とりあえず数台分の区画がホテルとマンション住人用で区別されている駐車場に車を停めて、階段を下りると「HOTEL NEW KAMIMOKU」と壁に書かれていることを確認。ここがホテルニュー上牧で間違ってないと安心する。
後で調べてみると、大浴場など一部の設備がマンション住人と共用となっている、あまり馴染みのないスタイルのホテルらしい。
【日帰り入浴について】
ホテルニュー上牧の駐車場があるのはちょうどホテルロビーの2階部分の屋上になる。そしてその駐車場の一角に後付け感ありありで貸切露天風呂が設置されている。その外観があまりにしょぼそうで、サイトで写真を見ていなかったら躊躇しそうなほど。この貸切露天風呂は日帰りでも利用でき、45分の時間制限で一人1,000円、ふたりでは2,000円となる。入浴料コミでこの値段だから、日帰り貸切としてはリーズナブルな値段設定。
いきなり行っても空いていれば貸切入浴できそうな雰囲気もあったが、基本的には前もって電話予約が必要。今回は前日に電話をして時間を予約しておいた。
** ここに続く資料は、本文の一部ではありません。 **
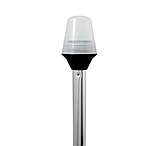 Image of Attwood Marine All Around Frosted Globe Light With 2 Pin Standard Pole 48"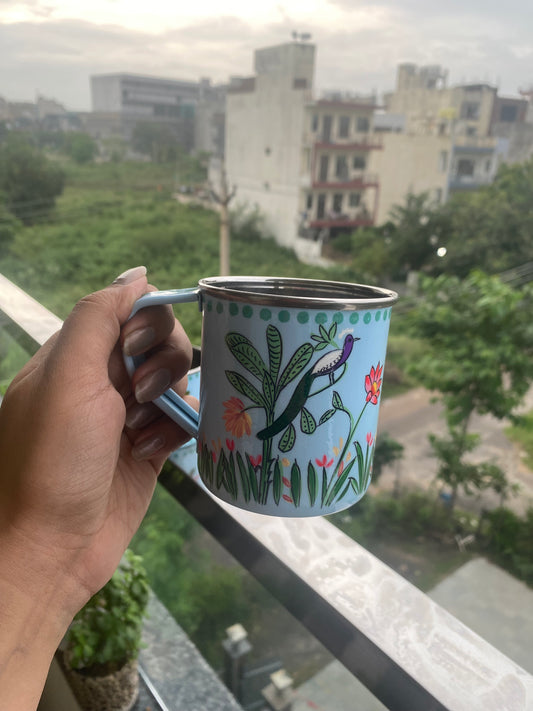 Blue Peacock Stainless Steel Coffee Mug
貸切利用できるのは17時までで、17時以降は男女入替えとなる。朝は7時からなので、宿泊の場合チェックインが遅いと貸切利用し難くなるので注意。
【貸切露天風呂】
フロントのあるロビーからエレベーターで2階に上がり、渡り廊下を突き当たりに行くとそこが貸切露天風呂。隅にある洗い場だけ御影石調のタイルが貼られている以外は湯槽も床も全て木の板で造られており、湯槽に対して床を広くとる設計がマッチして贅沢感が溢れる。外から見たしょぼさとは打って変わった雰囲気に感嘆する。
景色も開口部は広くないが上手く山並が見えるように切り取って、がちゃがちゃした街並を目立たせず絶妙な感じ。床が広いため窮屈感も少なく屋根付きの露天風呂にしては開放的な気分も充分演出されている。駐車場の一角という厳しい条件の中でこれを設計した人は、なかなかの匠だなと思った。
源泉は上牧温泉の新湯2号泉。泉質はナトリウム・カルシウム-硫酸塩・塩化物温泉。貸切露天風呂にもちゃんと温泉が使われている。加温と循環はまあ貸切風呂で気にしても仕方あるまい。雰囲気はなかなか良いので、昼間だけでなく夜間も貸切できたらもっと良くなるのに、ちょっとおしい。